Perhaps we could treat the justification of education as driving social mobility more seriously if those that made it had plans to make richer pupils perform worse in order to make space at life’s top table. This is an absurd and silly suggestion. No sane government would ever introduce a law making it illegal for parents to pay for private tuition for their child or banning them from reading to their children before bedtime to help them with literacy.

Life is competitive. For some pupils to do better others have to do worse.

The playing field is not level. If we teach to reduce social inequality then we are failures.

Do teachers make society happier?

Even if we were to accept our work does not narrow divisions it might still be possible to form an argument it is consequentially justified if we could prove that society in its entirety was becoming more educated and happier as a result of our collective work.

Superficially this argument does carry some weight. While we should at least nod at the dangers of correlation-causation, educated societies do, on the whole, seem to be more peaceful, tolerant and prosperous. It is not a huge stretch to extend this to the belief that should we improve the overall level of education – effectively shoving the bell curve right – then the work of teachers would, overall, lead to the general betterment of society even if the divisions within it remain as acute as ever. This echoes the classic capitalist argument, in its belief that competition between individuals and groups results in an overall improvement from which everyone, eventually, benefits even if inequalities are never ironed out.

To decide whether or not this works as a reason to teach we need to look at whether England is actually becoming more educated over time, then work out if this is because of schools, before considering whether or not any rise has increased general happiness.

David Didau has done good work on this. In a sequence of blog posts and in his new book, he has demonstrated that if we take IQ as a measure of intelligence, and I do realise this is disputed, then our children do, as a whole, seem to be getting cleverer.

The problem here is that it isn’t at all clear this has been the result of schooling. This may seem counter-intuitive, but it is important to remember that children actually spend a very small proportion of their lives in lessons. It is just as likely that rises in IQ test scores, which assess ability to think in the abstract, are attributable to an increasingly complicated world that requires its inhabitants to think in an abstract fashion. This seems borne out by bigger increases in IQ scores in developing countries which are undergoing very rapid technological and industrial changes than in developed societies which went through these changes longer ago. While David Didau has good reason to disagree with this, citing evidence which tracks differences in increases in IQ between pupils of different ages in the same year, I still don’t think there’s enough evidence for us to say with absolute confidence that England is becoming any cleverer as a result of the work of its teachers.

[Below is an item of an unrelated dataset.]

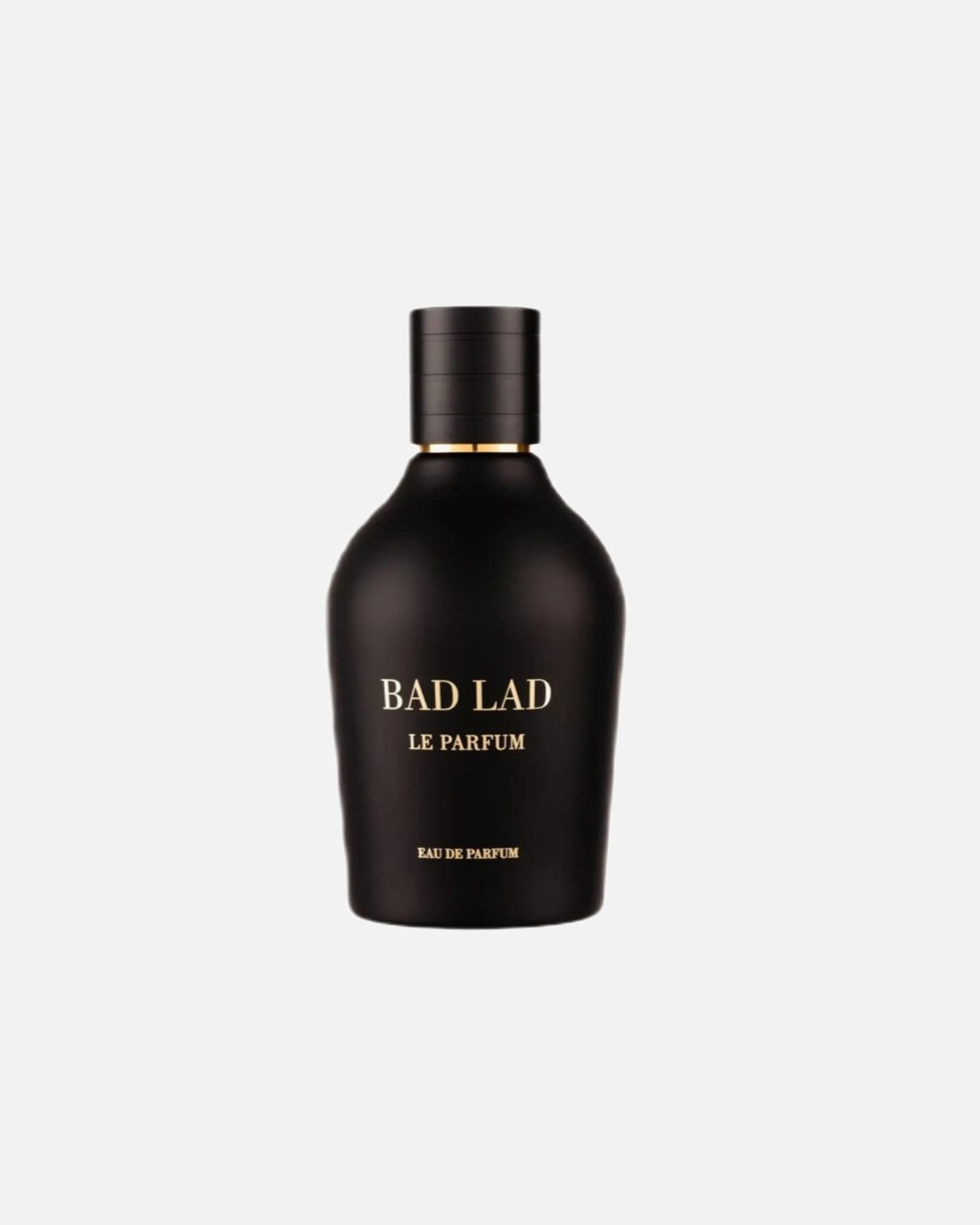 Woda perfumowana dla Mężczyzna Fragrance World Default Brand Line Bad Lad Le Parfum 100 ml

While there is evidence that IQ has risen over recent years, and while schools probably have contributed to this, the many economic and societal changes that have happened in the same period means we cannot be sure that this has been only or perhaps even mainly the result of the work of schools. What’s more, depressingly and alarmingly, it appears that literacy and numeracy rates may now actually be declining. We are the only OECD country in which literacy levels of those aged between 16 and 24 are lower than those of aged 55 and over, which suggests our society may actually be becoming less rather than more educated.

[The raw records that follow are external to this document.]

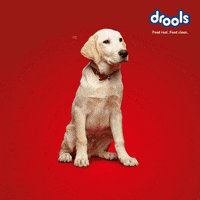 DroolsIn petfood dogfood catfood furryfriends GIF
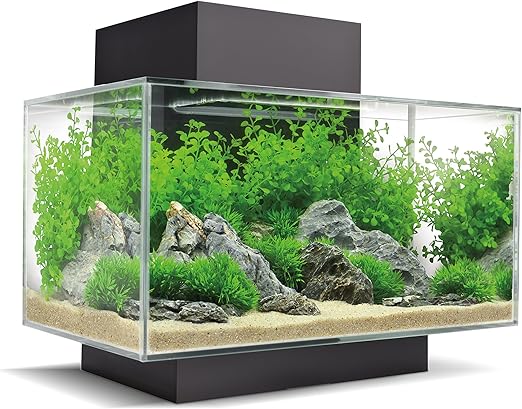 Fluval Edge 2.0 23L Aquarium Gloss Black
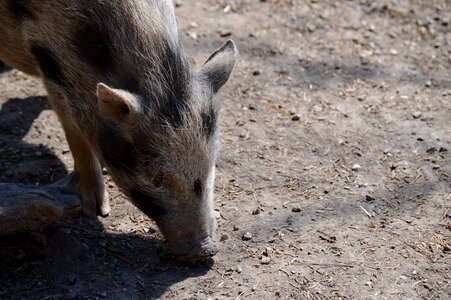 Mammal piglet wildpark poing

It is at least possible that our recent preoccupation with examination outcomes as proxies of education may well have worsened the overall quality of education in England. Brutal, unsophisticated and high-stakes accountability incentivised schools to game play with low value qualifications and to teach to tests. What may have worked for individual schools may well have failed the collective if the overall aim was a better educated society. Encouragingly, it does seem that Ofsted, England’s school inspectorate, is acknowledging this as a risk with its latest framework, but it is far too early to tell how successful they are likely to be.

Even if we put all this aside and could prove that our children are getting cleverer, will continue to become cleverer and that this is because of our schools then it would still be impossible to say whether this has benefited society. This is because we can’t say whether people in the past were any happier than we are today. While we can make judgements based upon our own values, the inherent bias in making such judgements invalidates them. While we may look at the life of a medieval peasant and shudder their pain and suffering, our shudders are because we are imagining ourselves as them. What we fail to get is if we were them we wouldn’t be us. We don’t know what it was like to be illiterate in a culture in which nearly everyone was. We also don’t know what it was like to have a certainty of faith that meant we knew when we died our souls would still exist for eternity. This is not to say that men and women in the past were happier than us, but it does mean we just can’t make an accurate assessment as to whether or not being better educated, however we define this, leads to greater happiness.

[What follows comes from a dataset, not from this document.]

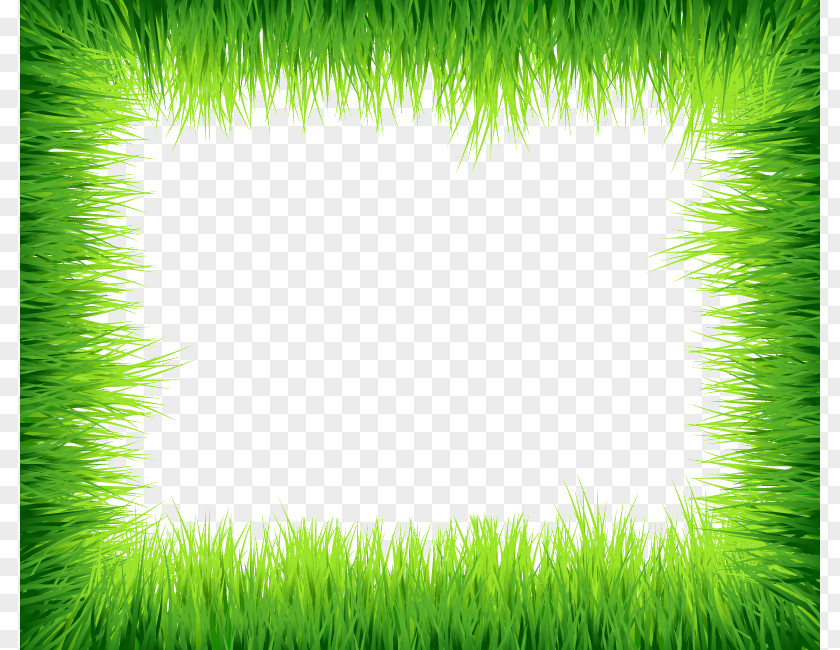 Green Border Frame Photos Grass Euclidean Vector Clip Art PNG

It would be unfair to move on before acknowledging the correlation between higher IQs and greater happiness in individuals, and how this might lead some teachers to argue teaching can still be consequentially justified if the result of a teachers work is cleverer and therefore happier children. The problem here is it is not clear higher intelligence in itself is the cause of greater happiness, even if those with higher intelligence do tend to be happier. As I’ve already pointed out, life is largely a zero sum game, with greater opportunities afforded to those who win. It is entirely possible, even likely, it is greater opportunities which are the source of any greater happiness, not intelligence in of itself. This means if teaching did make children cleverer, unless this resulted in greater opportunity, which is something entirely different, then it is unlikely people as a whole will end up any more content than they are now. I saw what I think to be an example of this when I worked in Ethiopia at a time when the government was rapidly expanding higher education provision. This expansion happened too fast for graduate opportunities to keep up, which may have led to increased dissatisfaction, migration out of the country and potentially political unrest.

Finally, it is worth thinking about how happy so called child geniuses end up where the picture is, at best, very mixed.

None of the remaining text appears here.